Major League Baseball’s Precarious Media Spot
After a regular season of growing fan interest, in-game attendance and TV viewership momentum, Major League Baseball now effectively finds itself right back where it started.
Four two-game sweeps in this year’s Wildcard round meant minimal excitement and an 18% ratings decline year-over-year.
The new playoff format saw many top-seeded (and big-market) clubs upset early for the second straight year, as the favored Atlanta Braves and Los Angeles Dodgers were sent home despite having home-field advantage.
That new playoff format has been catching heat for two straight years from fans and media (self included), as it seems to needlessly create a larger sample size to a sport that already plays a 162-game regular season.

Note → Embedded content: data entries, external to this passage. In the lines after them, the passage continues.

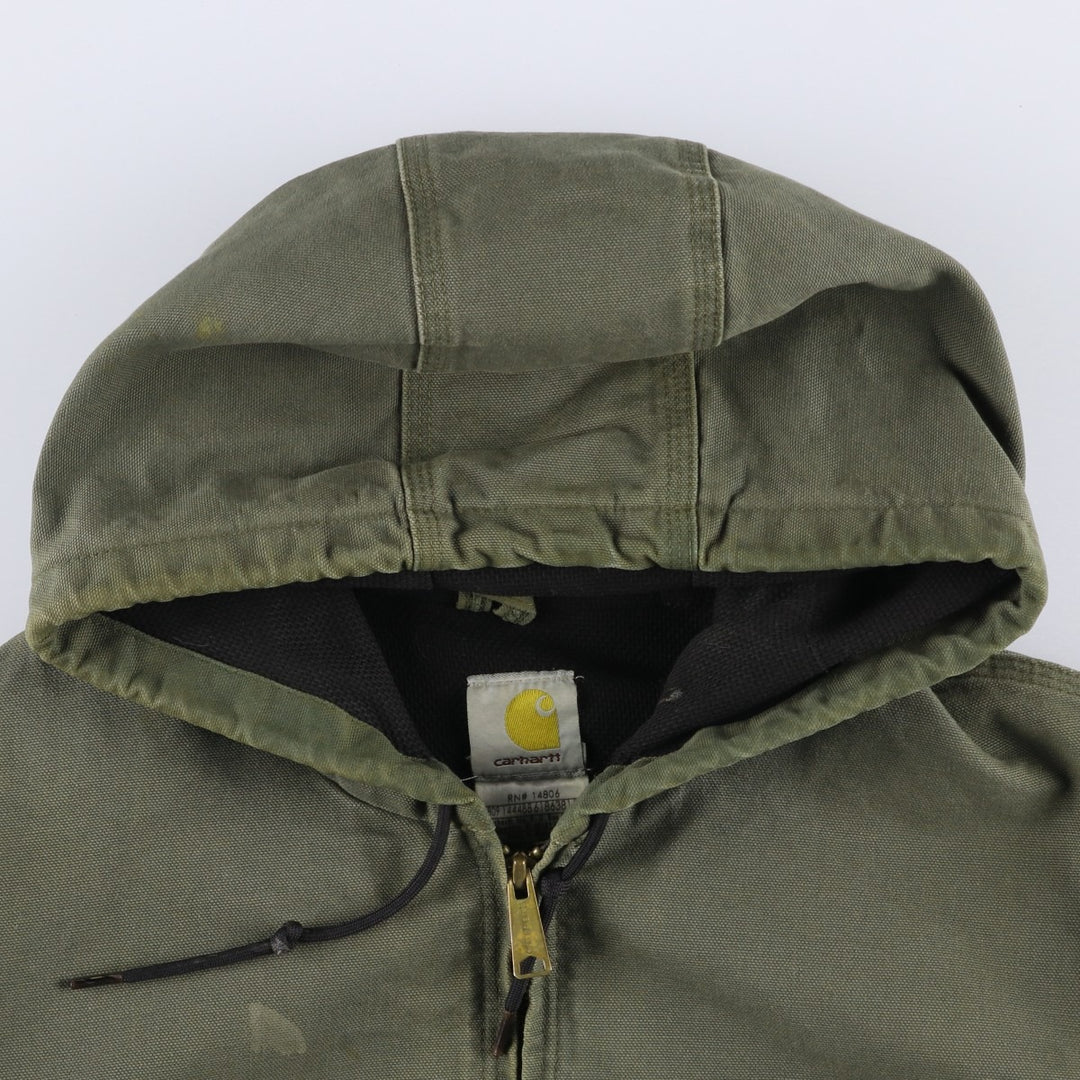 00'S Carhartt Active Jacket Duck Full Zip Hoodie Men's XL cotton Khaki type Vintage Second Hand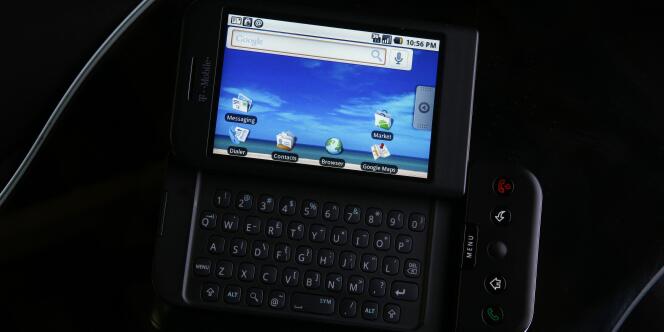 Un téléphone utilisant le système d'exploitation Android.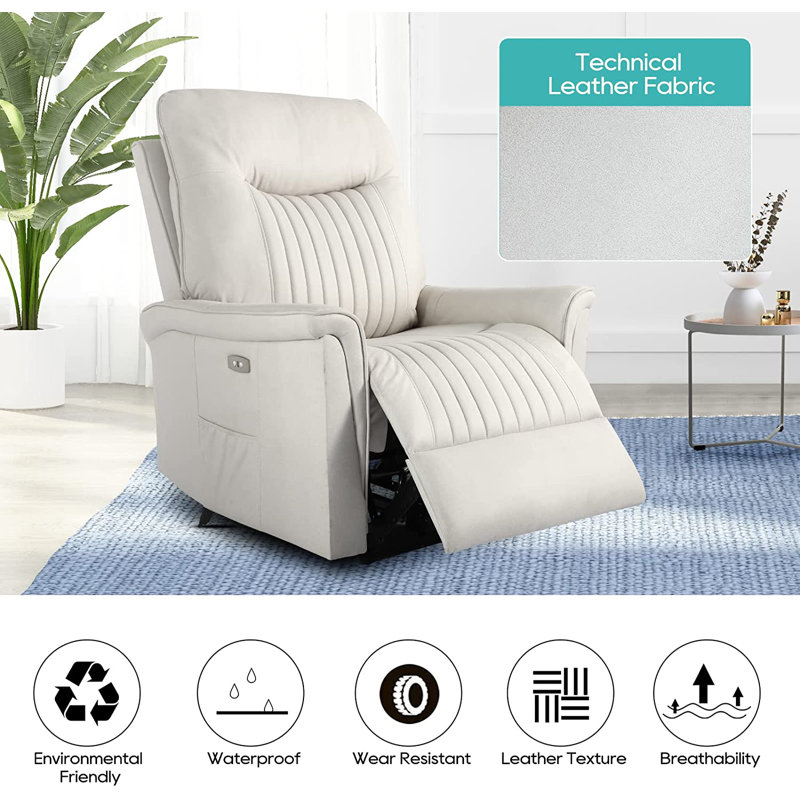 BESUNYST Power Reclining Adjustable Heated Massage Chair Recliner & Reviews Wayfair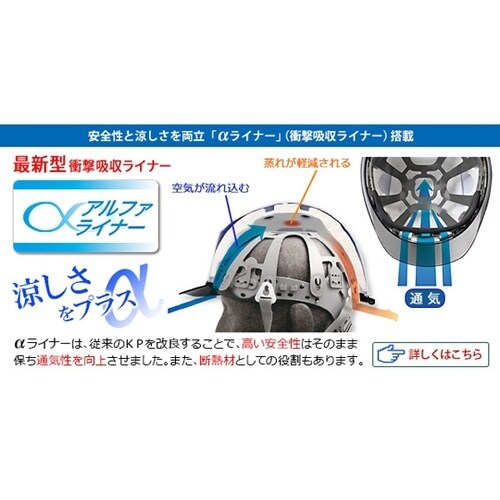 ABS製ヘルメット (αライナー・通気孔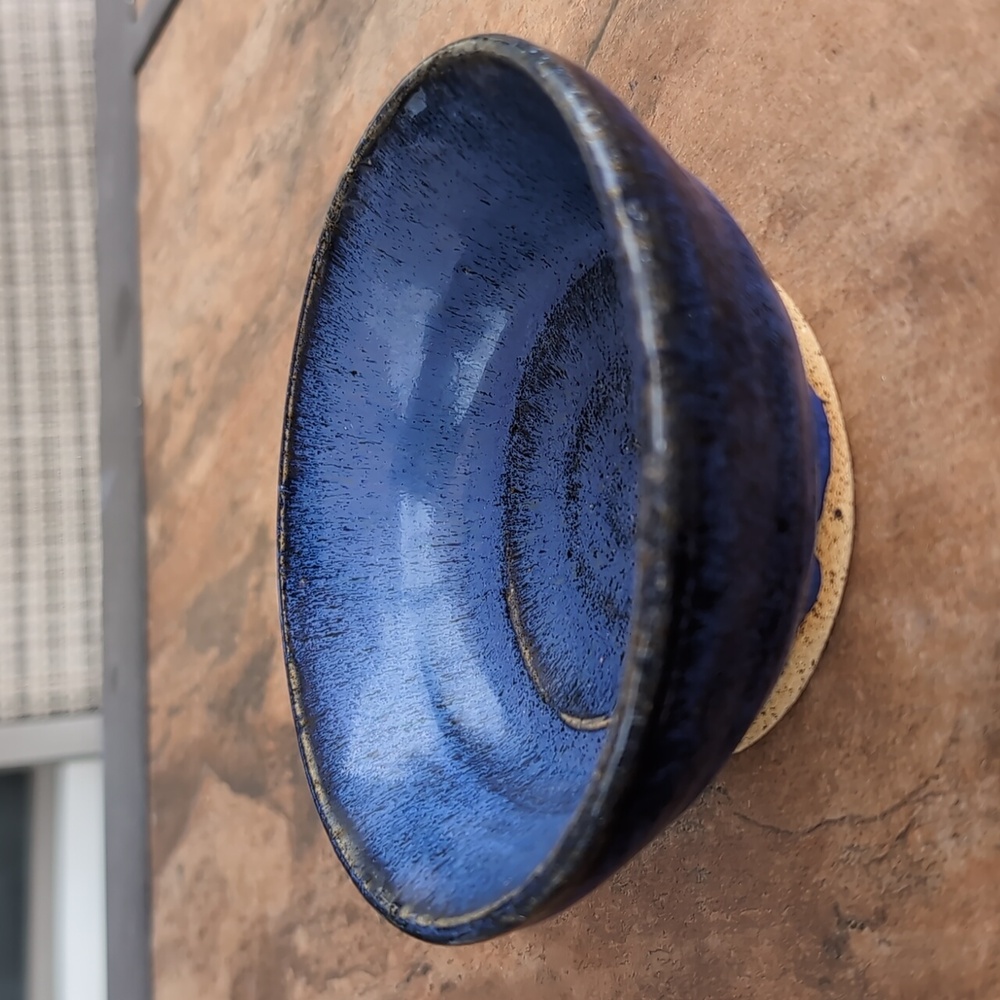 Handmade Studio Ceramics Pottery Hand Thrown Bowl Blue Black Glazed - Picture 2 of 5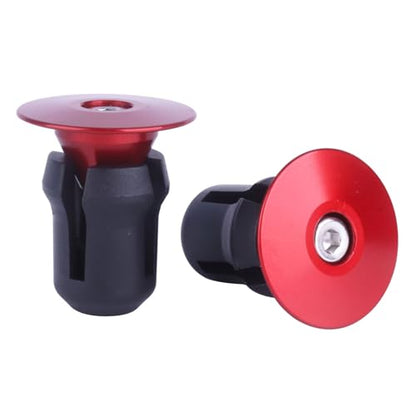 2 Pcs Aluminum Bike Handlebar End Plugs for Road Mountain Bike Handlebar Caps (Red) - color: Red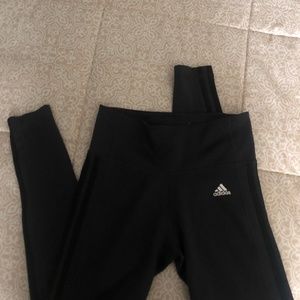 Ladies Adidas gray w/black stripes leggings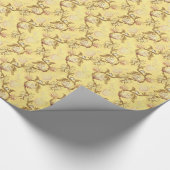 Aziatische zijde, geel koude , mooie koude riem cadeaupapier (Hoek)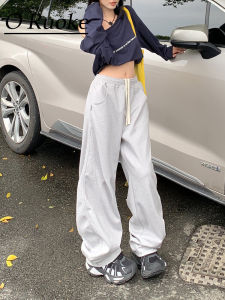 Grey Casual Loose Wide Leg Sweatpants Women High Waist Comfortable Lazy Style Slimming Drapey Banana Pants Trendy Knife Pants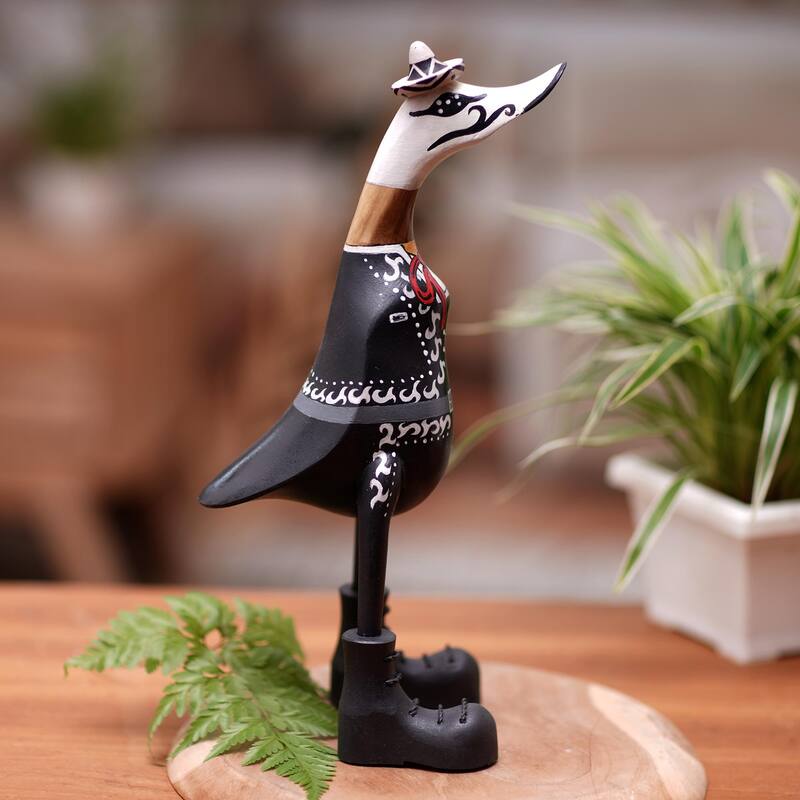 Novica Handmade Duck Of The Dead Wood Sculpture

Oh, and the house of cards around Diamond Sports’ regional sports network debacle — which already saw it drop the San Diego Padres and Arizona Diamondbacks from coverage midseason — is about to come crashing down.
There’s more to add to that list, too, as MLB stares down the likelihood of another matchup of regionally-limited clubs in this year’s World Series. That will pit the Houston Astros/Texas Rangers American League winner against the National League champ, either the Philadelphia Phillies or Arizona Diamondbacks. Last year’s Astros/Phillies World Series was among the least-watched ever.
The good times could also be fleeting for the regular season, given how much sports — and baseball, in particular — has been cutting itself to pieces in recent years. The blowback from audiences could grow again in 2024 with Max’s new live sports streaming tier.
For as much as the national TV issues persist, though, the bigger problems remain heavily focused on what happens if and when the RSN model collapses in on baseball.
Like all U.S. sports entities, MLB has experienced exponential growth in revenues partly fueled by cable TV, carriage rates and subscriber fees. Some clubs benefit more than others from that model. But the advent of RSNs injected a significant amount of money into the game, which has since been poured into escalating salaries.
So what happens when that falls away?
MLB seems ready to be done with Diamond Sports, which means a mix of local broadcast and MLB-controlled streaming as the fix for nearly half the league. It’s debatable that can make up for the lost RSN revenues for those clubs, especially since the local options won’t feature subscription fees.
For the other clubs — like the Dodgers, Mets, Yankees and Red Sox (among others) — which are taking in much larger RSN payouts via their own standalone RSNs, the other shoe isn’t dropping yet. But could as the cable bundle continues to collapse, since these deals don’t last forever.
Teams like the Yankees have already preempted that with a direct-to-consumer app, though that’s an imperfect stopgap. The price there ($24.99 per month) is aimed at the most diehard fans and is unlikely to attract casuals, , as cable carriage fees have to-date.
DTC subscriptions also require baseball fans to buy into streaming whole-hog. While consumers of all ages are getting savvier about the streaming ecosystem, there’s still a reluctance from many viewers over 55 (and at least some under 55) to bail on local.
MLB’s importance isn’t fading anytime soon (Inscape data shows the playoffs were No. 3 by TV watch-time last week, even with the lackluster on-field results), but it’s still crucial for the league to have a handle on what its future media strategy looks like.
You could argue that while it’s never been easier to find NFL and NHL games (via Disney streaming) on TV, MLB is arguably less accessible now than it has been in years. Baseball is going to be at a serious crossroads when its national TV contracts expire at the end of the decade. And there’s no guarantee the next deals are as lucrative as the current ones… which is not great when combined with likely declines in regional/local TV payouts as well.